John Field (1782-1837): Irish composer, pianist, teacher
Born in Dublin into an established musical family John Field was taught by his father (a violinist in Dublin theatres), his grandfather and the composer Tommaso Giordani. As something of a prodigy he made his debut in Dublin at the age of nine and his first London appearance in 1793. He worked as a piano salesman and demonstrator for Muzio Clementi in London, who took him on a European tour in 1802, visiting Paris, Vienna, and St Petersburg.
From 1803 he settled in Russia where he lived for most of his life. For much of the time he lived in the households of his patrons, first in St Petersburg and later in Moscow, while continuing his concert appearances throughout Europe. Shortly after his death his works faded into obscurity; today however his legacy as a seminal figure in Romantic piano composition is secure. There is a commemorative plaque to him in his native Dublin.
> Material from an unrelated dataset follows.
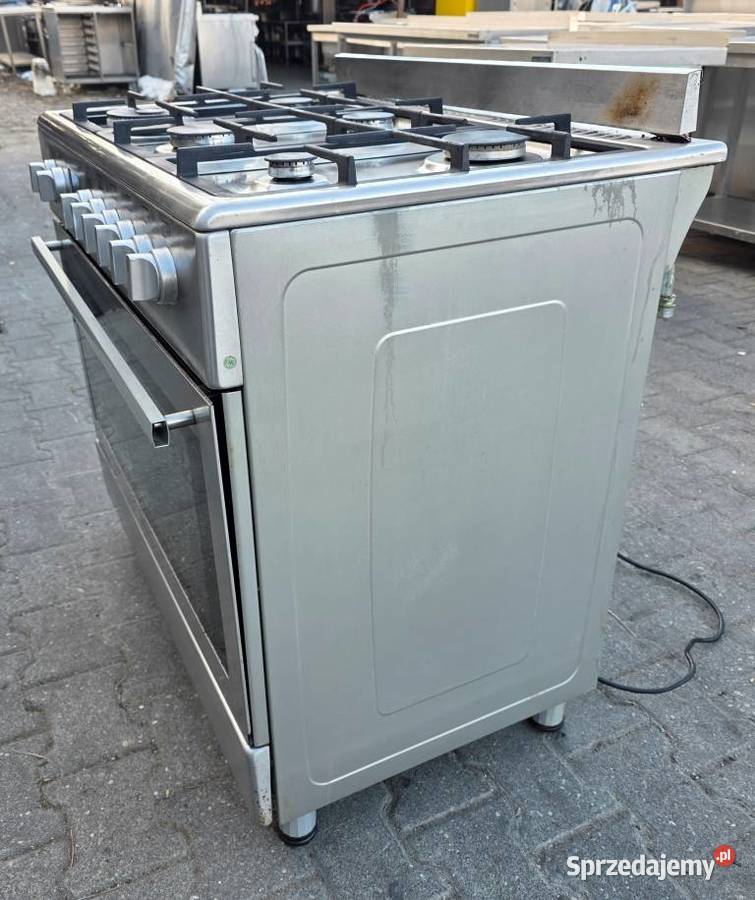 Kuchnia Gaz 6 Pal Z Piekarnikiem Elektrycznym Gastronomia Nowe Skalmierzyce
He initiated an important school of Romantic pianism, exemplified in the famous ‘nocturnes’ for solo piano which found their ultimate expression in the music of Chopin. His works include seven piano concertos (1799-1832) and a piano quintet (c. 1815). The Irish pianists Veronica McSwiney, John O’Conor and Micheal O’Rourke have recorded his work extensively. His substantial body of work is the subject of much bibliography, musical historiography, piano literature, academic study and scholarly debate.
Golden Age of the Romantic Piano Concerto’
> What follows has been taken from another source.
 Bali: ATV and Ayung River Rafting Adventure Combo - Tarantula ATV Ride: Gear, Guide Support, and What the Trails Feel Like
Known as the greatest Irish figure of the Romantic era, he developed a highly influential keyboard style that provided a direct path to the music of Chopin. Field’s playing was marked by a particular sweetness and delicacy with an emphasis on colour and tasteful expressivity described as song without words, qualities reflected in his best known and most influential compositions, primarily his nocturnes.
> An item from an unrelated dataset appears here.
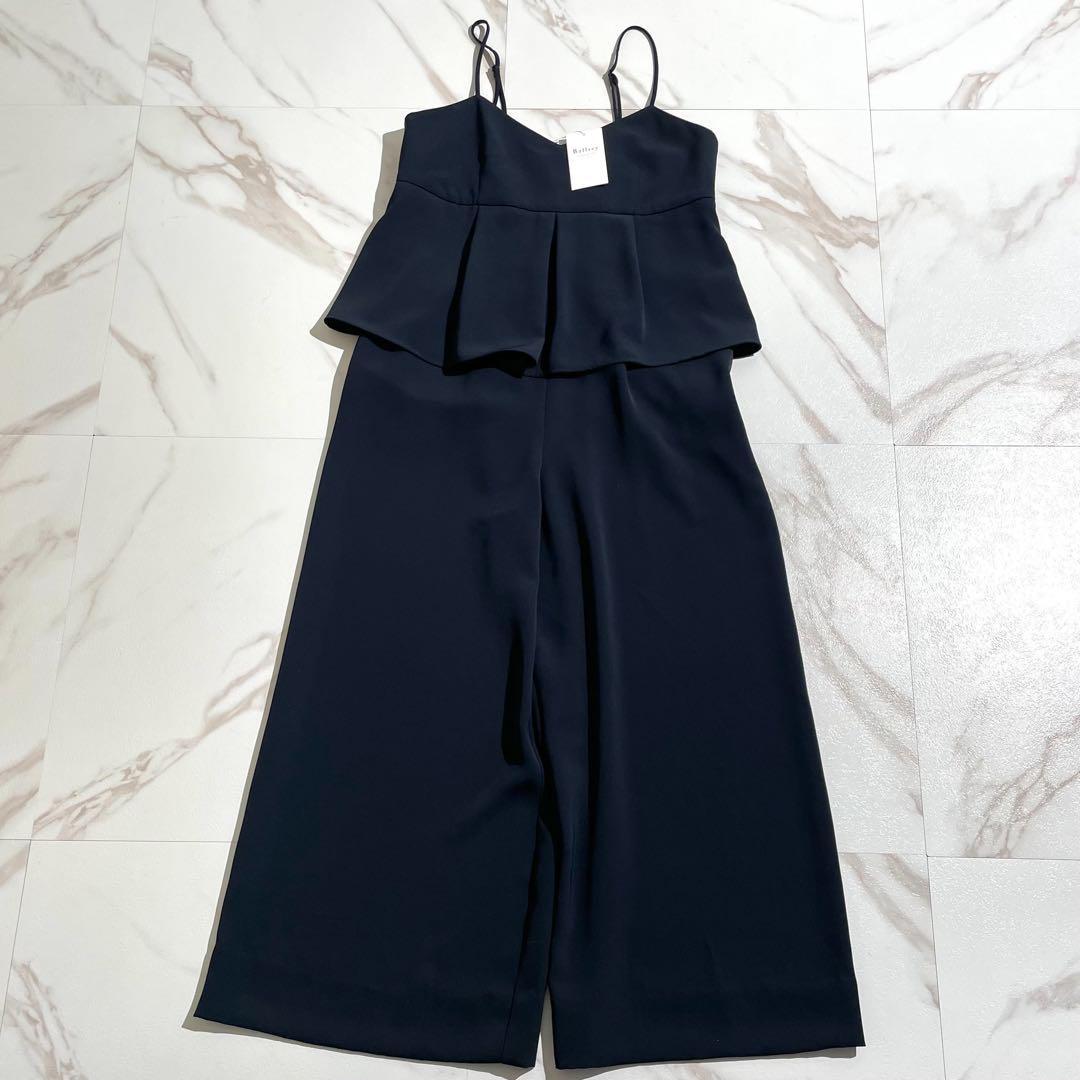 未使用級 タグ付 2024✨Ballsey パフィーツイルペプラムオールインワン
The development of the keyboard character piece paved the way for generations of Romantic composers including Mendelssohn, Schumann and Chopin, all of whom were indebted to John Field. His many dances, rondos and various other short works became custom for the composer to use on specific occasions. His seven piano concerti, however, are wholly representative of the typical work of the period with which he makes effective, idiomatic use of the instrument.
Very few composers are credited with having ‘invented a form’ but one view most people express about John Field is that he invented the ’nocturne’. While others before him, Haydn for one, had used the term ‘nocturne’ or ‘notturno’, either for a short, lyrical piece or kind of serenade, it was Field who cultivated it both as an idea and a genre, and associated it inescapably with the piano. Perhaps more important is the fact that he was the first Celtic voice - certainly the first Irish composer to contribute to European concert music. Though not massive in itself, his contribution had huge consequences.
Composer, Pianist, Teacher
In 1808 he married Adelaide Percheron, a French pupil of his in Moscow. He became both wealthy and famous. He also gained a reputation for riotous living. In 1815 he fathered an illegitimate child, a piano prodigy, who became an opera singer. During the 1820s, after his wife had left him to set up as a piano teacher on her own, taking their legitimate son Adrien with her, Field virtually ceased composing, sank into alcoholism, and became known among his former Moscow friends as ‘Drunken John’.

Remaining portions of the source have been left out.